From: Decatur, GA, USA
4. Do not let the Finns attack south of the no attack line. This would still let the finns move south if the Germans clear the way for them, which I think is generous when considering the historical situation. Historically, I think it would have been extremely doubtful if one single finn would have stepped over that line even if the Germans had captured Leningrad three times over and made it into a parking lot.
I was exchanging email with a Finn some years back who felt that their only goal in the Continuation War was to regain what they lost in the Winter War, and nothing more. He felt that they wouldn't have moved one inch further than they did, no matter how well the Germans did. This is reinforced by the general disgust the Finns felt for what the Nazis were doing in the captured territories.

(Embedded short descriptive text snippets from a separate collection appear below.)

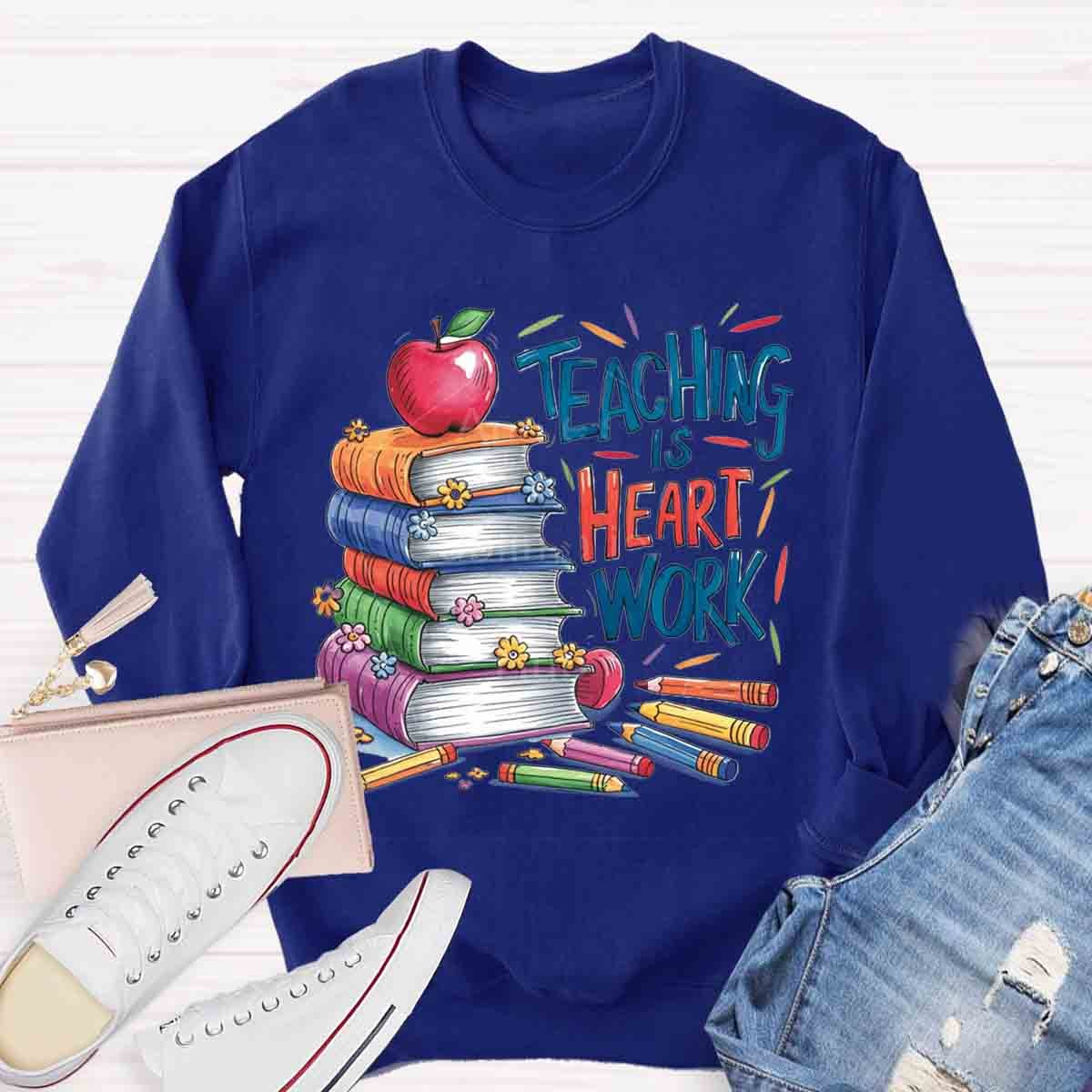 Teaching is a Work of Heart Sweatshirt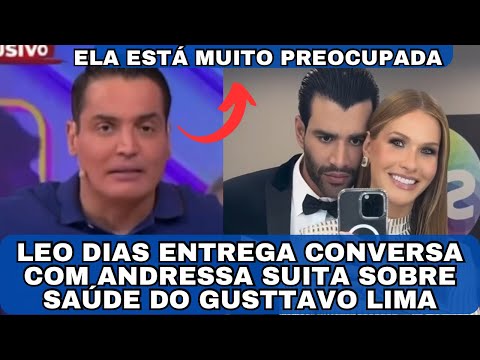 Léo Dias revela CONVERSA com Andressa Suita sobre estado de SAÚDE do Gusttavo Lima “eu Nunca vi”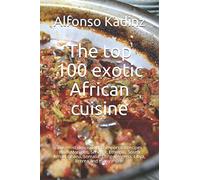 The top 100 exotic African cuisine: The most delicious and important recipes from Morocco, Senegal, Ethiopia, South Africa, Ghana, Somalia, Congo, Algeria, Libya, Eritrea and many more.
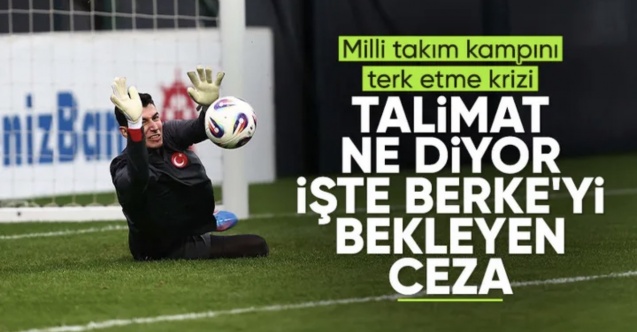 Milli takım kampından ayrılmıştı: Berke Özer'i bekleyen ceza belli oldu
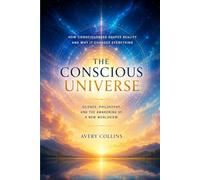 THE CONSCIOUS UNIVERSE: How Consciousness Shapes Reality and Why It Changes Everything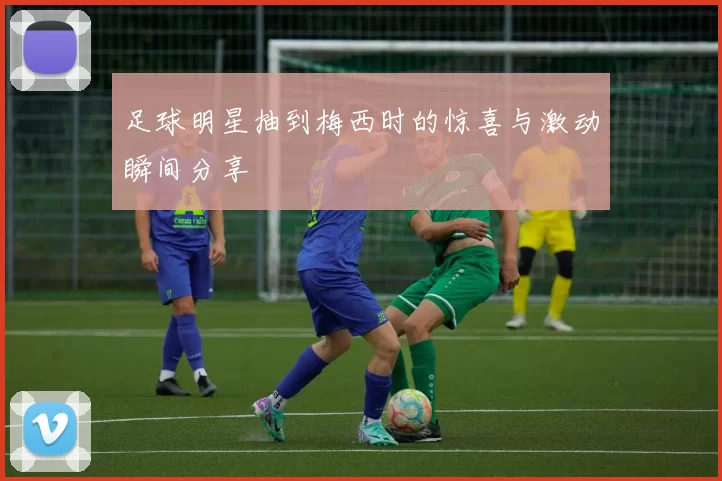足球明星抽到梅西时的惊喜与激动瞬间分享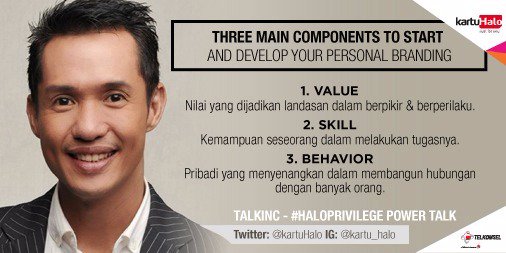 3 komponen penting dlm membangun Personal Branding. #HaloPrivilege PowerTalk - tsel.me/powertalk @kartuHalo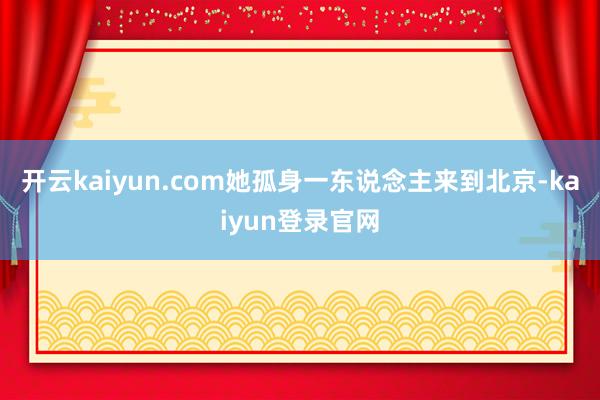 开云kaiyun.com她孤身一东说念主来到北京-kaiyun登录官网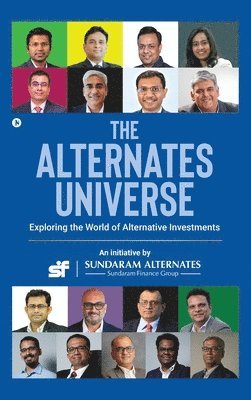 bokomslag The Alternates Universe: Exploring the World of Alternative Investments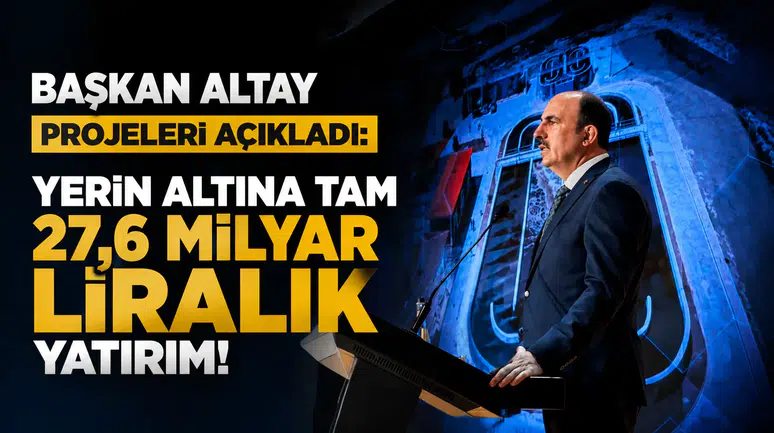 Başkan Altay projeleri açıkladı: Yerin altına tam 27,6 milyar liralık yatırım!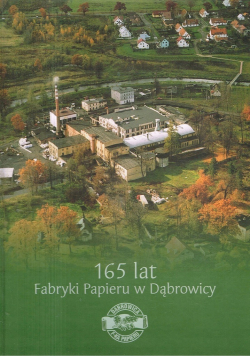165 lat fabryki papieru w Dąbrowicy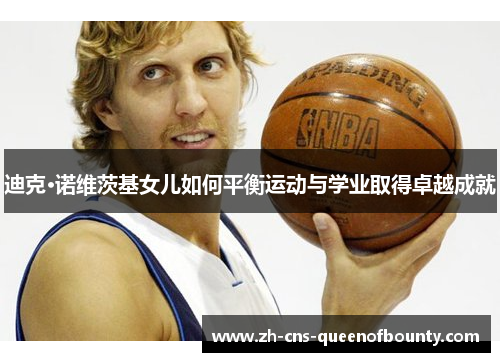 迪克·诺维茨基女儿如何平衡运动与学业取得卓越成就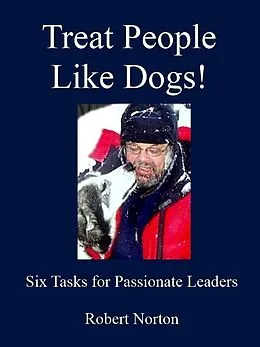 E-Book (epub) Treat People Like Dogs! Six Tasks for Passionate Leaders von Robert Norton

Of course, if there was a chance to gain territory and wealth, perhaps the Finns might have been lured out anyway. Hard to say. The Germans likely would have had to do MUCH better than they did historically before they would risk angering the Soviet Union (because they didn't take anything more, or doing anything nasty, the Soviets were willing to let the Finns quietly exit the war - unlike the Germans who they were going to kick until it wasn't fun any more, and then do it a while longer anyway).
Most games have the Finnish front as an "its there" type thing, but little more - you have to keep enough forces there to keep the Finns in check, but that is it. Although most games also feel that if the Germans captured Leningrad, the Finns would have moved further out.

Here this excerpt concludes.